My previous and first venture overseas was to America, where I hopped around from New York, to San Fransisco, Yosemite National Park, Los Angeles, Anaheim, San Diego, Las Vegas, The Grand Canyon and Hawaii. Traveling through these places I drank in diverse landscapes of breathtaking nature and heartstopping cities. Whilst, zipping here and there I also drank in the local culture especially engaging with the national cuisine. But after a diet of coloured corn chips, giant turkey legs, ice-creams that weigh your arm down, and plates of food as big as your head I returned to Australia quite overindulged. With the hindsight of my walk down obesity lane, I decided to haul myself out of my diet rut and embrace all things natural and healthy. It was time to get fruity!


The transformation of my food intake over the next year was like the story of the very, hungry caterpillar. Once upon a time, I had survived on an exciting menu of nuggets, macaroni cheese, baked beans, bangers & mash, and boiled eggs and soldiers. In the safety of that cuisine cocoon I was comfortable and unchallenged by unfamiliar flavours, spices and textures. Gradually my lunches changed from stock standard peanut butter, ham or cheese fillings to a rainbow of grilled vegetables including eggplant, zucchini, sweet potato, red capsicum, spinach. My morning tea changed from packets of tiny teddies & shapes to dried fruit and nut mixes and peels of bananas, apples and oranges. Food began to colour my world rather than define my weaknesses. I came out of my narrow food rut and became a beautiful butterfly, swooping down upon menus and meals to relish the wonders of our natural and man-made dishes.butterfly

Now at the keen age of nineteen I have dined upon a zoo of kangaroo, camel, buffalo, emu, snails, frogs legs, rabbit and goat. Not to gloat.
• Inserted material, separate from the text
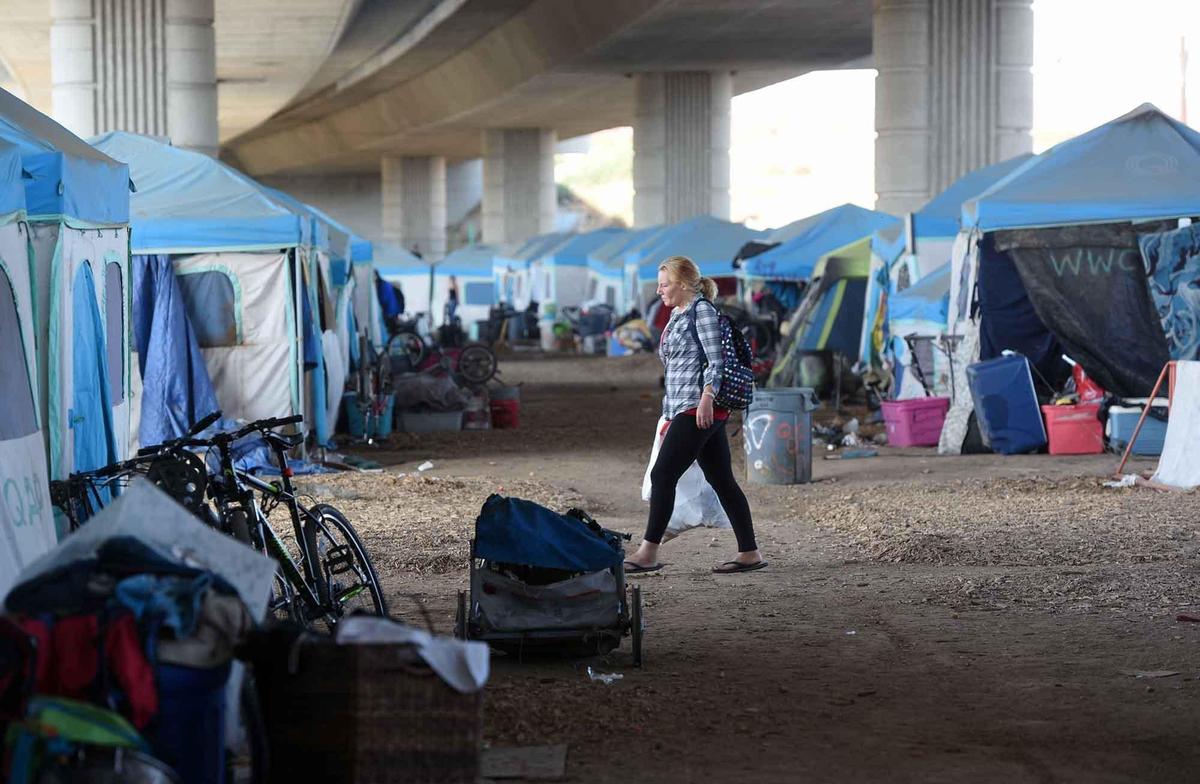 A resident walks through camp at the Modesto Outdoor Emergency Shelter in Modesto, Calif. on Monday November 11, 2019.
There are so many ways to express the practice of interacting with these life sustaining and enhancing everyday necessities. Consume, devour, eat, feast upon, bite, chew, digest, feed, gorge, graze, inhale, slurp, shovel, sip, guzzle, sip, chomp, munch, bolt, dine, nibble, peck, scoff, snack, sup, swallow, wolf, savour. Each word to match a moment and a morsel. They complement the food in the way they sound and feel in your mouth. Some roll off your tongue. Some make you pout out. Some slide down your throat. Some are gone before you know it. Some echo on in your mouth.

On this food and drink blog I wish to share with you all of these experiences. I will of course be reviewing restaurants and cafes, but why stop there? On this blog I want to offer my 5 cents on everything from espresso coffee, to store bought iced coffee, hot chips, to packet chips. All food experiences should be remembered and able to be recalled for your present and future eating happiness. Every bite you take, every sip you make. Every single day, every time you graze I’ll review it for you. Welcome, to my food life! You only get one shot at life, so if you’re on to a good thing make it last! Savour the Flavour.

Sunday, July 4, 2010

Hearts a flutter warmed and soothed


My review of Ernest Ellis w/ The Tourist & The Sleepyhands @ OAF
as appeared on the exciting cultural guide that is Word On the Street

Ernest Ellis
Supported by The Sleepyhands and The Tourist
Thursday 1 June 2010 8pm
Oxford Art Factory, 38-46 Oxford Street, Darlinghurst, Sydney

On the chilly evening that was Thursday the 1st of July, not one, but three bands brought a heart-warming energy to Sydney’s cool underground indie venue the Oxford Art Factory. Amongst the smoky darkness, all three acts burst out with sounds to inspire, and ignite on a cold winter night. First up of the support acts was ‘The Tourist’, a collective of three inner west youths playing melodious indie folk. The two males commanded their strings and their enchanting female harnessed the magic of synthesizers and egg shakers to create sounds inspired by the likes of Grizzly Bear and Fleet Foxes in songs such as ‘My little eye’. I myself also felt some Radiohead vibes in their haunting, melancholic arrangements such as ‘Antarctica’. The lead vocalist Dan was honoured to get a comparison to one of his favourite bands of all time.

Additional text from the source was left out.